# How would you balance H3PO4 +Mg(OH)2-->Mg3(PO4)2 +H20?

Nov 1, 2015

$2 {H}_{3} P {O}_{4}$ + $3 M g {\left(O H\right)}_{2}$ = $M {g}_{3} {\left(P {O}_{4}\right)}_{2}$ + $6 {H}_{2} O$

#### Explanation:

I can either tally all the atoms one by one or use my knowledge of ionic bonds to make the tally system much simpler.

I'll do the simpler version.

First re-write the chemical equation to avoid confusing myself:

${H}_{3} P {O}_{4}$ + $M g {\left(O H\right)}_{2}$ = $M {g}_{3} {\left(P {O}_{4}\right)}_{2}$ + $H$-$O H$

Notice that I had shown the line structure between the ${H}^{+}$ and $O {H}^{-}$ ions.

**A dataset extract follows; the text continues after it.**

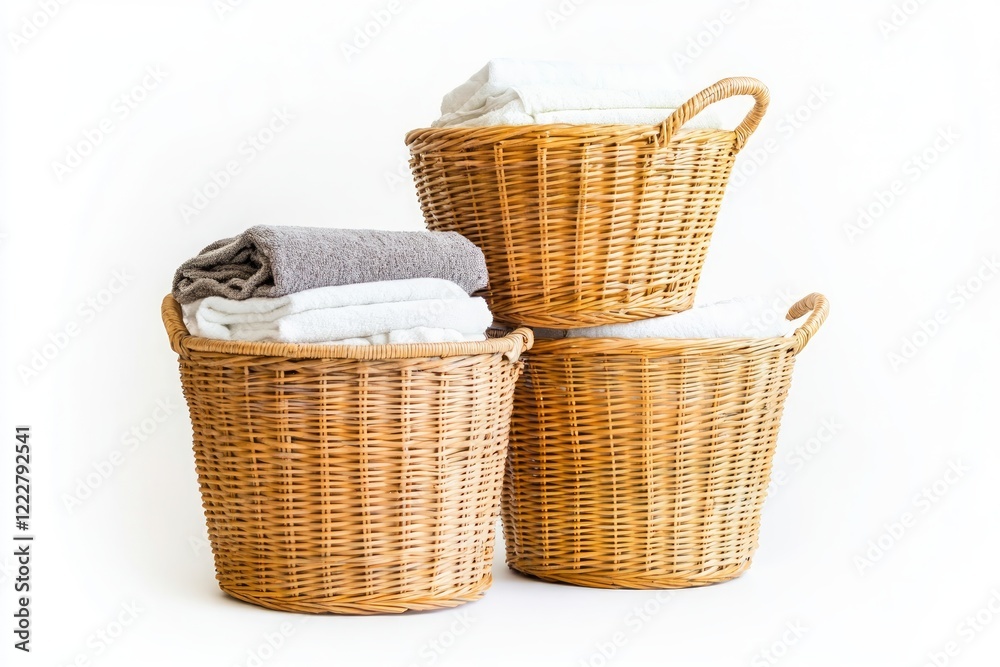 Obraz premium Stacked Wicker Laundry Baskets - A Stylish and Practical Home Storage Solution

Now, let's tally based on the subscripts.

left side:

${H}^{+}$ = 3

$P {O}_{4}^{\text{3-}}$ = 1

$M {g}^{\text{2+}}$ = 1

$O {H}^{-}$ = 2

right side:

${H}^{+}$ = 1

$P {O}_{4}^{\text{3-}}$ = 2

$M {g}^{\text{2+}}$ = 3

$O {H}^{-}$ = 1

Let's start balancing the largest ion, $P {O}_{4}^{\text{3-}}$.

$\textcolor{red}{2} {H}_{3} P {O}_{4}$ + $M g {\left(O H\right)}_{2}$ = $M {g}_{3} {\left(P {O}_{4}\right)}_{2}$ + $H$-$O H$

left side:

${H}^{+}$ = 3 x $\textcolor{red}{2}$ = 6

$P {O}_{4}^{\text{3-}}$ = 1 x $\textcolor{red}{2}$ = 2

$M {g}^{\text{2+}}$ = 1

$O {H}^{-}$ = 2

right side:

${H}^{+}$ = 1

$P {O}_{4}^{\text{3-}}$ = 2

$M {g}^{\text{2+}}$ = 3

$O {H}^{-}$ = 1

Do not forget that since ${H}_{3} P {O}_{4}$ is a substance, you need to also multiply the coefficient with the number of $H$ atoms.

Next,

$2 {H}_{3} P {O}_{4}$ + $\textcolor{g r e e n}{3} M g {\left(O H\right)}_{2}$ = $M {g}_{3} {\left(P {O}_{4}\right)}_{2}$ + $H$-$O H$

left side:

${H}^{+}$ = 3 x 2 = 6

$P {O}_{4}^{\text{3-}}$ = 1 x 2 = 2

$M {g}^{\text{2+}}$ = 1 x $\textcolor{g r e e n}{3}$ = 3

$O {H}^{-}$ = 2 x $\textcolor{g r e e n}{3}$ = 6

right side:

${H}^{+}$ = 1

$P {O}_{4}^{\text{3-}}$ = 2

$M {g}^{\text{2+}}$ = 3

$O {H}^{-}$ = 1

Again, since $M g {\left(O H\right)}_{2}$ is a substance, whatever coefficient you apply to $M {g}^{\text{2+}}$ ion will also be applied to $O {H}^{-}$ ion.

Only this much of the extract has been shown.